[WHAT TO WORK ON]: Using only the entries below, copy exactly the lines that begin at the one with "4x2 Elevatio thumbnail" and end at the one with "The Best of Cliff...", both included. Drop the pictures.

[PROVIDED ENTRIES]:
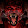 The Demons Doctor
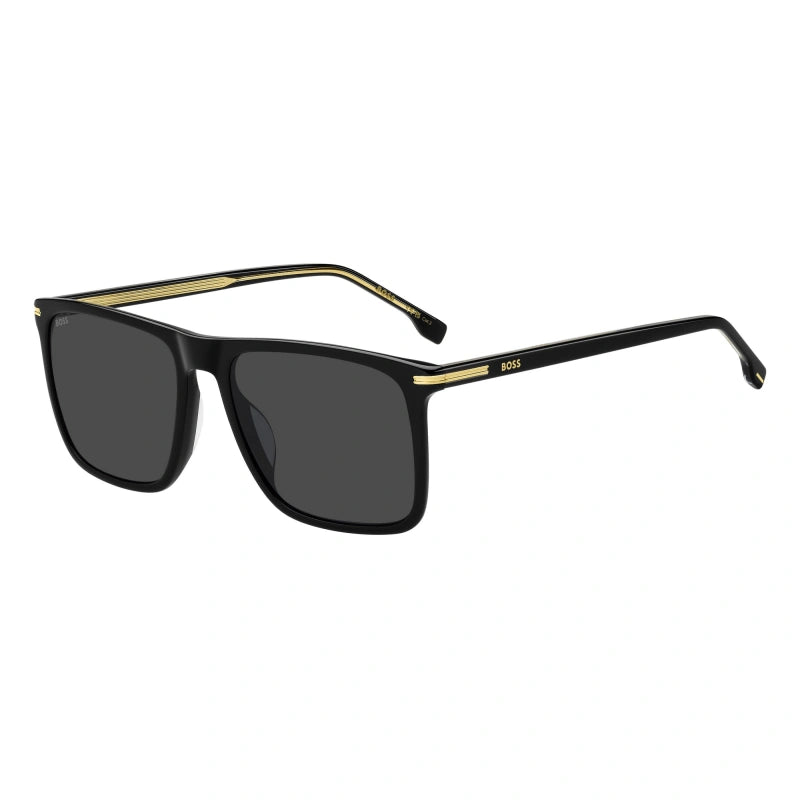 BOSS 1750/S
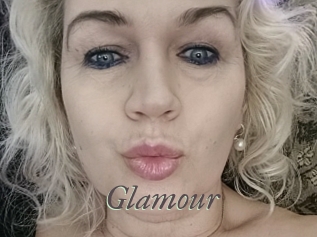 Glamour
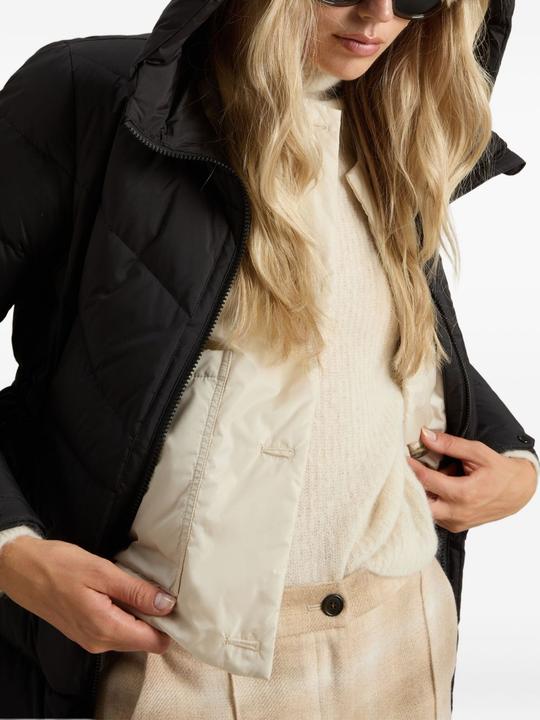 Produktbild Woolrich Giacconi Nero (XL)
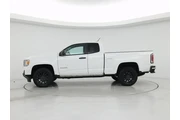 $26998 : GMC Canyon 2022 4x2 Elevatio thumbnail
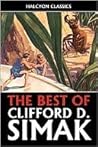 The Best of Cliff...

* * *

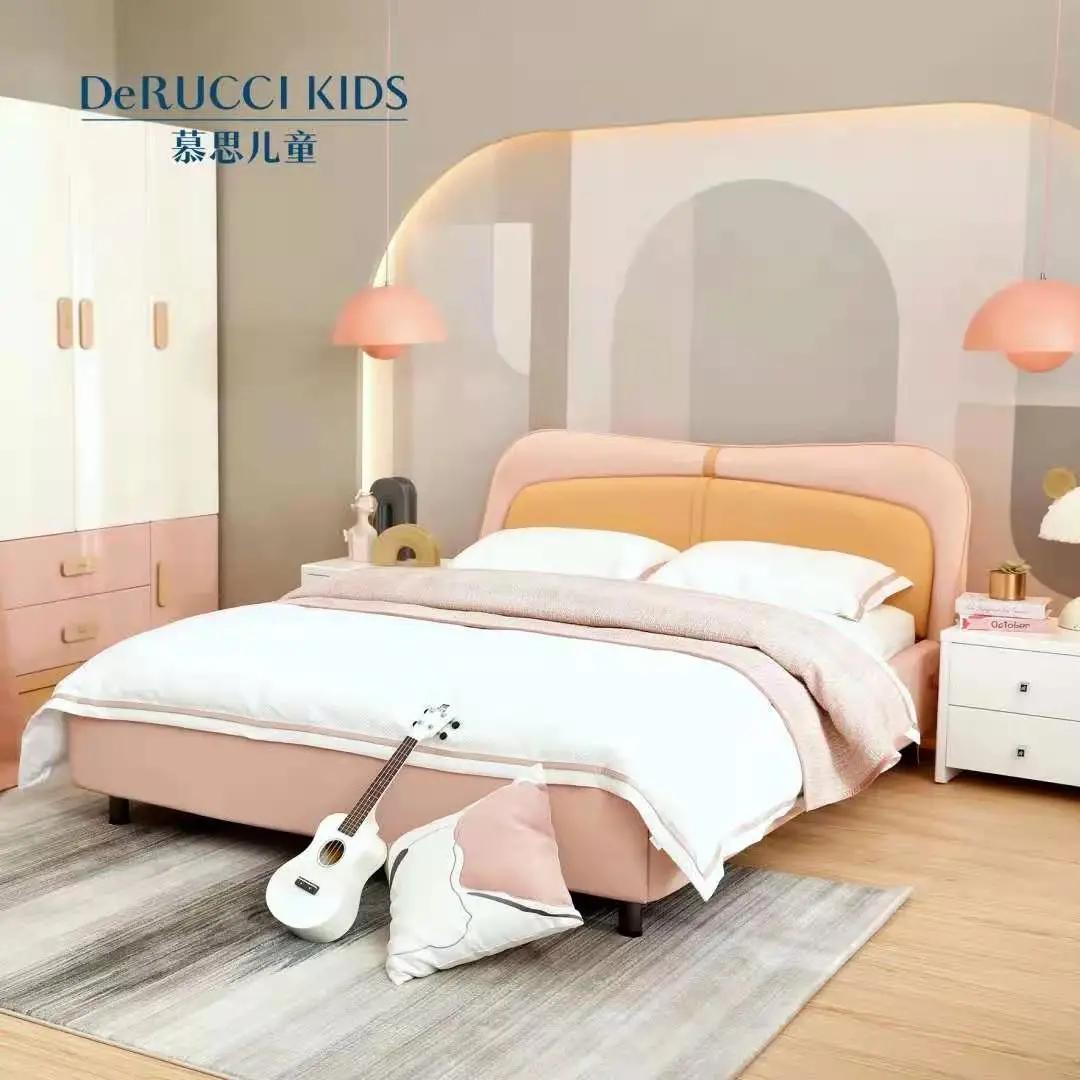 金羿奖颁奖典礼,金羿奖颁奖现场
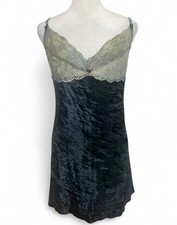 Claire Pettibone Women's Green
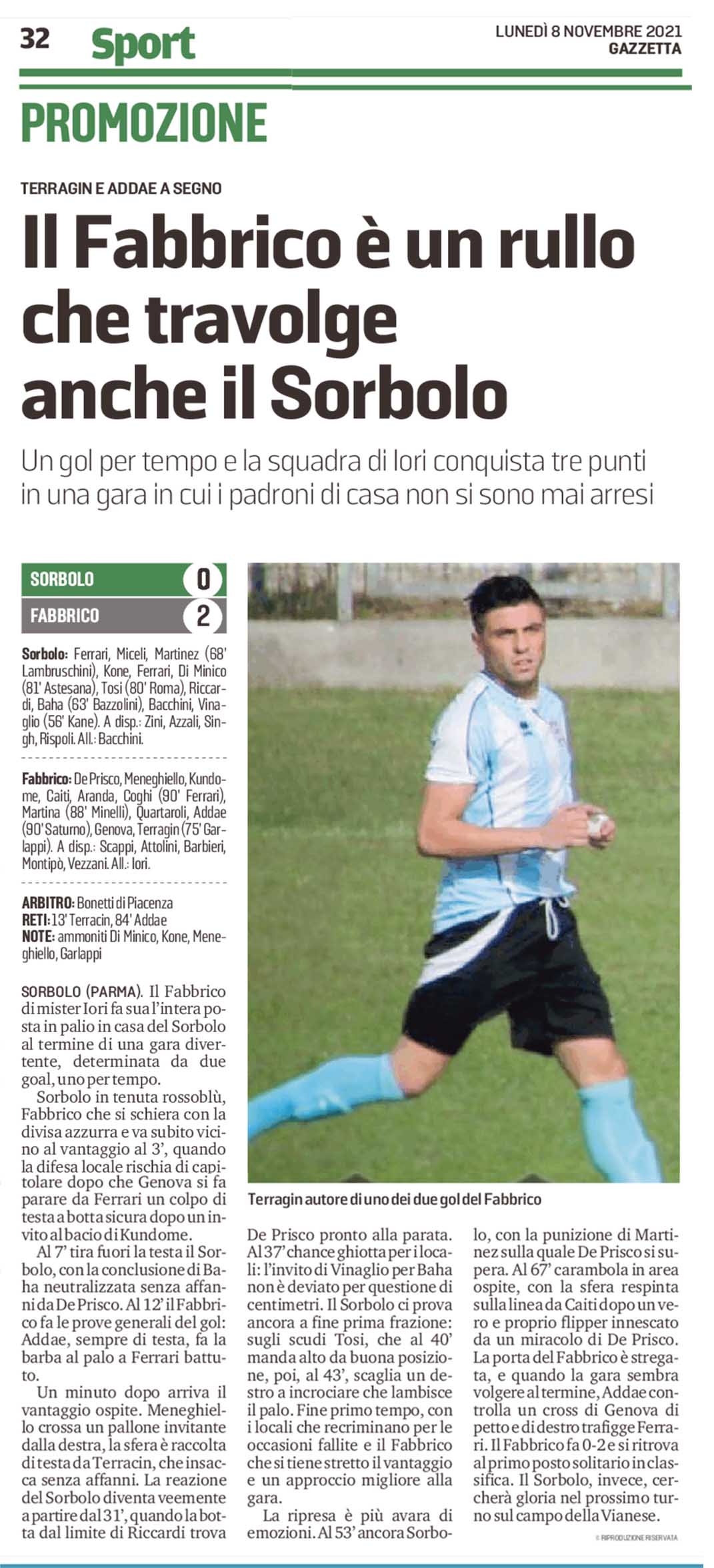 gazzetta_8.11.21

[FINAL ANSWER]:
 $26998 : GMC Canyon 2022 4x2 Elevatio thumbnail
 The Best of Cliff...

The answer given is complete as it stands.